Visiteurs d’églises, vous n’échapperez pas à ces trois termes d’architecture religieuse. Inévitablement les édifices religieux comportent un chœur et un chevet, souvent une ou des absides. Éclaircissons leur définition.

Chœur ou chevet ? Cathédrale de Troyes

La compréhension des mots « chœur », « chevet » ou « abside » est utile pour se repérer ou décrire le plan ou les élévations d’une église. Malheureusement, beaucoup de panneaux d’informations ou de guides touristiques tiennent leur sens pour acquis chez les visiteurs.

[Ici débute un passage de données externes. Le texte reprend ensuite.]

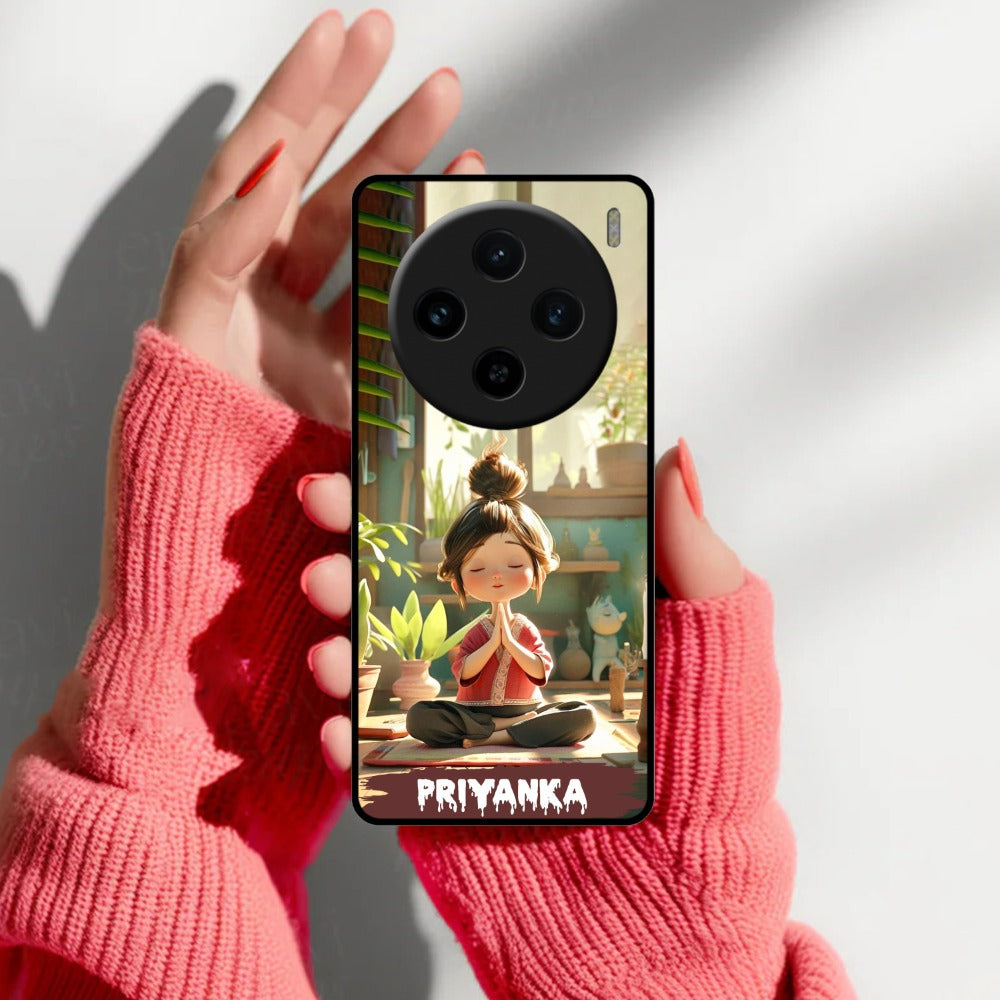 Yoga Glossy Metal Case Cover For Vivo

Moi qui baigne dans ce vocabulaire depuis environ 20 ans, je croyais parfaitement maîtriser ces notions fondamentales. Pourtant, en me plongeant dans les dictionnaires et les livres spécialisés, mes certitudes ont vacillé : les auteurs ne sont pas d’accord sur leur définition. Je vais tout de même tenter de clarifier par des schémas simples.

Chœur architectural et chœur liturgique

Selon l’angle choisi, le mot « chœur » n’a pas la même définition. Beaucoup d’entre vous connaissent le premier sens : c’est une zone de l’église qui se trouve au-delà du transept (ou au-delà de la nef en cas d’absence de transept). En général, il correspond aux parties orientales de l’édifice. C’est la définition d’un chœur au sens architectural.

Choeur architectural
Sur un plan d’église, il est facile de distinguer le chœur architectural dès lors qu’elle est dotée d’un transept. Dans les autres cas, le chœur s’emboîte directement sur la nef. Il se distingue alors par son volume plus rétréci (3e exemple), ou une séparation par des marches, clôture ou grand arc (dernier exemple).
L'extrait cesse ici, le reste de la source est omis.